• DATA FOR REVIEW
┌──

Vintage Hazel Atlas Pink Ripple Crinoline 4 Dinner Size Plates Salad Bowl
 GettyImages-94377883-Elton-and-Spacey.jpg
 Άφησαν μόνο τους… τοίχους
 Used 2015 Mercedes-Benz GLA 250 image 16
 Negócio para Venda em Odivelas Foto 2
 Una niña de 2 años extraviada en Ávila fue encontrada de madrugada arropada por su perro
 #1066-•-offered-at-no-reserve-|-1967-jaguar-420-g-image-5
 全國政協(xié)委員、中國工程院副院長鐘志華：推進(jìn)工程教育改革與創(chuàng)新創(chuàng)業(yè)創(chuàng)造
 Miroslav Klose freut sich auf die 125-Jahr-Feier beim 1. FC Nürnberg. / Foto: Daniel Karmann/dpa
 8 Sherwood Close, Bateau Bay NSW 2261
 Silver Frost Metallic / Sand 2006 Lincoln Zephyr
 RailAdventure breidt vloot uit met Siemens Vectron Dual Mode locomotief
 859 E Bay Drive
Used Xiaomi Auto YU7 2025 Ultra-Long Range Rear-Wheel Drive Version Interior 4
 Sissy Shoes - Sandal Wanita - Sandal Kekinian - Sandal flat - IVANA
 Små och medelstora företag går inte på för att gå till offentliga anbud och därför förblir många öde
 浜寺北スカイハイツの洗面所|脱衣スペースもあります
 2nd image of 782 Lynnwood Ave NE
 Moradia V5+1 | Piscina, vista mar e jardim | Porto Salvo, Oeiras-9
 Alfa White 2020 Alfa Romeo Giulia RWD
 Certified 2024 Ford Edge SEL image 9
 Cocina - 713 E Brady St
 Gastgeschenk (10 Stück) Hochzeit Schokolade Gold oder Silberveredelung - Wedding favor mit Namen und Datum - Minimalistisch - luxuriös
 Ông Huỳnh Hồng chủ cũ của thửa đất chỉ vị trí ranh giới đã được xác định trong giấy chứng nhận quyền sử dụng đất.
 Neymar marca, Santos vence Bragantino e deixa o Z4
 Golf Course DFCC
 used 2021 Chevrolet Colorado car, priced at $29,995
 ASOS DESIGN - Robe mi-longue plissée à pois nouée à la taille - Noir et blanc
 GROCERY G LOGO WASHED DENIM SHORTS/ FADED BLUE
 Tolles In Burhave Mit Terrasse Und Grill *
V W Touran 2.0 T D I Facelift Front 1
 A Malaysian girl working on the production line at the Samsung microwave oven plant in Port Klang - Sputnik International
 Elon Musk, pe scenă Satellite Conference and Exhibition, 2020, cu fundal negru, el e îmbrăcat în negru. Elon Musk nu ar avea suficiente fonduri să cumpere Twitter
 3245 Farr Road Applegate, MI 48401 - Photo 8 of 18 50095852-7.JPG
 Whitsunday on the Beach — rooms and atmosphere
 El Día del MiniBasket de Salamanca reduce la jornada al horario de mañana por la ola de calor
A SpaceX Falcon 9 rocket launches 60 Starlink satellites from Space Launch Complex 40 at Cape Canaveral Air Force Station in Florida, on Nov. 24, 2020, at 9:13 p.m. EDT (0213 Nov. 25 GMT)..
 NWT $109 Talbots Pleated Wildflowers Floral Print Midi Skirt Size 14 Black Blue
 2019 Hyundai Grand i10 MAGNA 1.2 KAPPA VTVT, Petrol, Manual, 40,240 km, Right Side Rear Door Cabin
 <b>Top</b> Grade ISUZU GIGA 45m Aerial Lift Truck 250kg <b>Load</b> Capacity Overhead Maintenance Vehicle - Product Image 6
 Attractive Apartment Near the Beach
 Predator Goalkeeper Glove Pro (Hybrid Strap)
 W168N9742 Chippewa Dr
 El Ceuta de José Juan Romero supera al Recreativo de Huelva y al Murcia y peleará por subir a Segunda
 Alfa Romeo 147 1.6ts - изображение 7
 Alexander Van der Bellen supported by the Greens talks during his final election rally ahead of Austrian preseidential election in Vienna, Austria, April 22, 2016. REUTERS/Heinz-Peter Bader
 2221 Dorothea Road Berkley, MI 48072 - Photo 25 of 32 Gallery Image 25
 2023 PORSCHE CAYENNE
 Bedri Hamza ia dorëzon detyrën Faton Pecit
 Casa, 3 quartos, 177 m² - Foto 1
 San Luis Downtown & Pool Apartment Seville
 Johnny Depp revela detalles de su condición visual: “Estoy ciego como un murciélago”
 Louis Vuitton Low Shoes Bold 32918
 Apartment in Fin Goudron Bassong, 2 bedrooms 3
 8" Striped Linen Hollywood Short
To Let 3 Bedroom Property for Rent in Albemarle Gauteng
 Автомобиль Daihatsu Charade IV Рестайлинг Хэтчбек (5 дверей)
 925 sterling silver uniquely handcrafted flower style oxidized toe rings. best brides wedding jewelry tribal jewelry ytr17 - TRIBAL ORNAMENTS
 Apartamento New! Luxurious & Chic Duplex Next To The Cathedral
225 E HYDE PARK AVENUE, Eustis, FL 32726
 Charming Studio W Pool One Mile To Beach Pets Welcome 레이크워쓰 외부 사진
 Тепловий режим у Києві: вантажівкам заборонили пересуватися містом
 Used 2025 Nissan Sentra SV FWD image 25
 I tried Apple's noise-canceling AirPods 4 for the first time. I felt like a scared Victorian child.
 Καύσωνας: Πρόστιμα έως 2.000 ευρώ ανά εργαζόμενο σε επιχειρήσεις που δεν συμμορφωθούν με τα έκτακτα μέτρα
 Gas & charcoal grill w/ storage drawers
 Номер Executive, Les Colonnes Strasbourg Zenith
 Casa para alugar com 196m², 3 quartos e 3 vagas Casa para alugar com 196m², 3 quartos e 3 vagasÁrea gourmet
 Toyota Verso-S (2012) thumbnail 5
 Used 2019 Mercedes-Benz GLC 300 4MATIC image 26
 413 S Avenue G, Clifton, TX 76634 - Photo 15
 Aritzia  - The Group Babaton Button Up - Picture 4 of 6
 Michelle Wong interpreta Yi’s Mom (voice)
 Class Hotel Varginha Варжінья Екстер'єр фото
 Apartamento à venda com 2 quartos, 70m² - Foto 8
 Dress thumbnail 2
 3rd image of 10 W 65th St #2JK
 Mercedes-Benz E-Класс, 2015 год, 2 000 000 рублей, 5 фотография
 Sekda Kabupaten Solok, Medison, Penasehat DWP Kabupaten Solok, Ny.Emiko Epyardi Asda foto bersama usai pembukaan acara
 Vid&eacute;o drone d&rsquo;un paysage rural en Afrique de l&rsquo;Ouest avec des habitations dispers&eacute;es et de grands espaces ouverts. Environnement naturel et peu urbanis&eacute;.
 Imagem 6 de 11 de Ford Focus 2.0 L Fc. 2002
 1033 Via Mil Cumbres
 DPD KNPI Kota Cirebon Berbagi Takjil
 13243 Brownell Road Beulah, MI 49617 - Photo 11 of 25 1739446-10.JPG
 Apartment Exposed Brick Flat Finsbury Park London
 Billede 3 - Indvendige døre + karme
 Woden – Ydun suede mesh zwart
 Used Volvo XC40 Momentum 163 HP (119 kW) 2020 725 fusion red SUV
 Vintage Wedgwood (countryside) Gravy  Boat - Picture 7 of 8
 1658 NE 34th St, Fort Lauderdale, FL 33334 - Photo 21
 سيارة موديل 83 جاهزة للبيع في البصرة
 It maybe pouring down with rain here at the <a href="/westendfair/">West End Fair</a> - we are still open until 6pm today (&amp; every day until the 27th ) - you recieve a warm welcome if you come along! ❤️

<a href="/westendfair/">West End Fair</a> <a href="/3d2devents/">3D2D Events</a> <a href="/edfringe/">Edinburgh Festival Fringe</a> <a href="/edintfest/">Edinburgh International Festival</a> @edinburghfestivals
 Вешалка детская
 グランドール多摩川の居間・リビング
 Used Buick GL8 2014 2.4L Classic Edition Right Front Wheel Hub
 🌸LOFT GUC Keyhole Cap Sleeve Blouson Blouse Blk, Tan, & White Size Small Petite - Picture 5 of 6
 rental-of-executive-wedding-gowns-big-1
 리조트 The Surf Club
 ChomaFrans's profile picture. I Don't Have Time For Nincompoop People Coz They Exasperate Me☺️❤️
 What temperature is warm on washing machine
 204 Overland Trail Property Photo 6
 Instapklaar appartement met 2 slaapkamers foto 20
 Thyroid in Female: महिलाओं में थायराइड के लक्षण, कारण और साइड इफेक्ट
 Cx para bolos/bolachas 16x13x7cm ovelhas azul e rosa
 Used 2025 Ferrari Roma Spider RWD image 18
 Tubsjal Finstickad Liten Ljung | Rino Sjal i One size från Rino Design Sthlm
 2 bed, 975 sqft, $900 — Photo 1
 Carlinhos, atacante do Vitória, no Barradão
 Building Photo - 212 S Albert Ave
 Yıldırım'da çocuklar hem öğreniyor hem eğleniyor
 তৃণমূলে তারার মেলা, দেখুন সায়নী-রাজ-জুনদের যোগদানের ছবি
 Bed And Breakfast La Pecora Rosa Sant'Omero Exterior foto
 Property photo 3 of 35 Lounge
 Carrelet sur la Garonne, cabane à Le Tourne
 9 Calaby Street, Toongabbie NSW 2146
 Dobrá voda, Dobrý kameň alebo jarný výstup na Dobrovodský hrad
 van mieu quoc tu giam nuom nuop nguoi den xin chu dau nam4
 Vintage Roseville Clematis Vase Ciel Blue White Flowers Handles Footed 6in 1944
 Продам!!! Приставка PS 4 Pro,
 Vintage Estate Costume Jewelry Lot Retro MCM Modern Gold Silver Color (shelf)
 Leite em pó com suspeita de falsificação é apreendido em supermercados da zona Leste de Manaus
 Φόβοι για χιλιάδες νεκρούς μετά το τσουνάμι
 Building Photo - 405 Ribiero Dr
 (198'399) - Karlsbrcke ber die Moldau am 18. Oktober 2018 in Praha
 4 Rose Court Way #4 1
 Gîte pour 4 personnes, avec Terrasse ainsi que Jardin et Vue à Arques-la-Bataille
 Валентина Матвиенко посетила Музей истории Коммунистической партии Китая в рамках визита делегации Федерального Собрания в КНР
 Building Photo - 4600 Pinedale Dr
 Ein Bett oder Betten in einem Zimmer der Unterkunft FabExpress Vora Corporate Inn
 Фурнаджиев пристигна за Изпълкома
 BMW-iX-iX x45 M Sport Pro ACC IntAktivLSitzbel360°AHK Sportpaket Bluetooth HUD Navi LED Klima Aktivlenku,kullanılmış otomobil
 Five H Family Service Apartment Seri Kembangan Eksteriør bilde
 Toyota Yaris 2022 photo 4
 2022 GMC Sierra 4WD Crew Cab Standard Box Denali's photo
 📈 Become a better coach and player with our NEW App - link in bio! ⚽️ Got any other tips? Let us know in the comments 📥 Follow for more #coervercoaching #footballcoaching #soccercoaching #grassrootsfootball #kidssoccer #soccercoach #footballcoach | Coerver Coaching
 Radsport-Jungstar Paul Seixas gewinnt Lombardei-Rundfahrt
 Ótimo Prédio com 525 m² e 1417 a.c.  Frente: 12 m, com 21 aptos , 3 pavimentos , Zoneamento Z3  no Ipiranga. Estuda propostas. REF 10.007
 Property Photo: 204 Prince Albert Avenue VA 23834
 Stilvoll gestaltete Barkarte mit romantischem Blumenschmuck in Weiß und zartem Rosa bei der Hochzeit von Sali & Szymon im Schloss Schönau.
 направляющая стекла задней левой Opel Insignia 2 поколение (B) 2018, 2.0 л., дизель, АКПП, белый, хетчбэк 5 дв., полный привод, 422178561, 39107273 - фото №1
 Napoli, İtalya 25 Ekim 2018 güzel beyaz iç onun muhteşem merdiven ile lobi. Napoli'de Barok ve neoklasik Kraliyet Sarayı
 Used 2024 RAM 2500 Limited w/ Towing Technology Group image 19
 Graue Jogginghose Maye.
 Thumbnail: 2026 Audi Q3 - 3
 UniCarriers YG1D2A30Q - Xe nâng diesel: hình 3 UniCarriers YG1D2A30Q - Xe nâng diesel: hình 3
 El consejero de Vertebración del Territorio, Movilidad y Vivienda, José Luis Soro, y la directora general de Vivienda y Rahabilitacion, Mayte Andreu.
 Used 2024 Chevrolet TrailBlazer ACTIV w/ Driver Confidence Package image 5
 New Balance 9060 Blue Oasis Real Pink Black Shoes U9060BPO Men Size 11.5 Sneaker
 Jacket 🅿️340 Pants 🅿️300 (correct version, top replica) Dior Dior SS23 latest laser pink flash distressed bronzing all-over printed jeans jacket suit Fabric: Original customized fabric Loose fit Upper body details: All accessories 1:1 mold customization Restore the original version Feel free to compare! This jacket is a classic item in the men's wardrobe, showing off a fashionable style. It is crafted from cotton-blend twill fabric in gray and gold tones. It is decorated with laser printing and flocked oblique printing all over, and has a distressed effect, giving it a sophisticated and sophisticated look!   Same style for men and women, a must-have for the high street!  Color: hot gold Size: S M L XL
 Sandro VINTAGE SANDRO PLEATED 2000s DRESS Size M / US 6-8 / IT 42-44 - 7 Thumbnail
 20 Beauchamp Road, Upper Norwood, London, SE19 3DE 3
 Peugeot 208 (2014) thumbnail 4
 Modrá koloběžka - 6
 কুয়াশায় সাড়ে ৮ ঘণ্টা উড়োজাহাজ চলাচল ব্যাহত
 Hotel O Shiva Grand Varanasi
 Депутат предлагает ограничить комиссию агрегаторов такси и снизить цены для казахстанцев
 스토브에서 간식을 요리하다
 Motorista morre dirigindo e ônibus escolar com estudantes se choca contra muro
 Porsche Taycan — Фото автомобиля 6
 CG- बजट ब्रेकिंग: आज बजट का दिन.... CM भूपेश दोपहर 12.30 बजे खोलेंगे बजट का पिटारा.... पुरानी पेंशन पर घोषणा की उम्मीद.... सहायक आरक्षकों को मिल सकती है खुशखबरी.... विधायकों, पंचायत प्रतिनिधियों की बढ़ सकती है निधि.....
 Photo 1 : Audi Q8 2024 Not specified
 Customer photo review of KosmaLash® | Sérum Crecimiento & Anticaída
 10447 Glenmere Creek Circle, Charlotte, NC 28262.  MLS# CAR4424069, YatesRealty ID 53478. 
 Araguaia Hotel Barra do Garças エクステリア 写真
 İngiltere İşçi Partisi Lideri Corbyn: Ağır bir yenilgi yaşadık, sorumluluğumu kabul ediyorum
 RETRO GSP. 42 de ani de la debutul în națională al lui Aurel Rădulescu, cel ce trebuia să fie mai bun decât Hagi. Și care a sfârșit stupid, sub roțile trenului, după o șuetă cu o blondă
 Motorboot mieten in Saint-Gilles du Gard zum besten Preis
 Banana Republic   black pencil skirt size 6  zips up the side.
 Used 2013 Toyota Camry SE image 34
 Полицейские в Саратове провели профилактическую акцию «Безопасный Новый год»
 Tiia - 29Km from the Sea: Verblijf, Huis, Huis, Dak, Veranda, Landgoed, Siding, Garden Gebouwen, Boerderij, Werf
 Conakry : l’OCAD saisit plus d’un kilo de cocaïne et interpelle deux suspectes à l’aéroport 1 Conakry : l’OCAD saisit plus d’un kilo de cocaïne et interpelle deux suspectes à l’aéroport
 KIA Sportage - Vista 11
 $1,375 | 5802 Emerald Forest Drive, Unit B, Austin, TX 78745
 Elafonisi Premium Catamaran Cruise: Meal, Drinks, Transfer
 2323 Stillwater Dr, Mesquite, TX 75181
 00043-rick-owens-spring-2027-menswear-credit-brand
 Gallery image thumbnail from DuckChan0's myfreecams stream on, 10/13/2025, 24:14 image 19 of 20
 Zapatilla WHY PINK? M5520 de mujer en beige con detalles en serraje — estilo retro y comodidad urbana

└──

Using the material above, quote the first line and each line after it, stopping at and including the line that holds "859 E Bay Drive".

• RESPONSE TO THE EXERCISE
Vintage Hazel Atlas Pink Ripple Crinoline 4 Dinner Size Plates Salad Bowl
 GettyImages-94377883-Elton-and-Spacey.jpg
 Άφησαν μόνο τους… τοίχους
 Used 2015 Mercedes-Benz GLA 250 image 16
 Negócio para Venda em Odivelas Foto 2
 Una niña de 2 años extraviada en Ávila fue encontrada de madrugada arropada por su perro
 #1066-•-offered-at-no-reserve-|-1967-jaguar-420-g-image-5
 全國政協(xié)委員、中國工程院副院長鐘志華：推進(jìn)工程教育改革與創(chuàng)新創(chuàng)業(yè)創(chuàng)造
 Miroslav Klose freut sich auf die 125-Jahr-Feier beim 1. FC Nürnberg. / Foto: Daniel Karmann/dpa
 8 Sherwood Close, Bateau Bay NSW 2261
 Silver Frost Metallic / Sand 2006 Lincoln Zephyr
 RailAdventure breidt vloot uit met Siemens Vectron Dual Mode locomotief
 859 E Bay Drive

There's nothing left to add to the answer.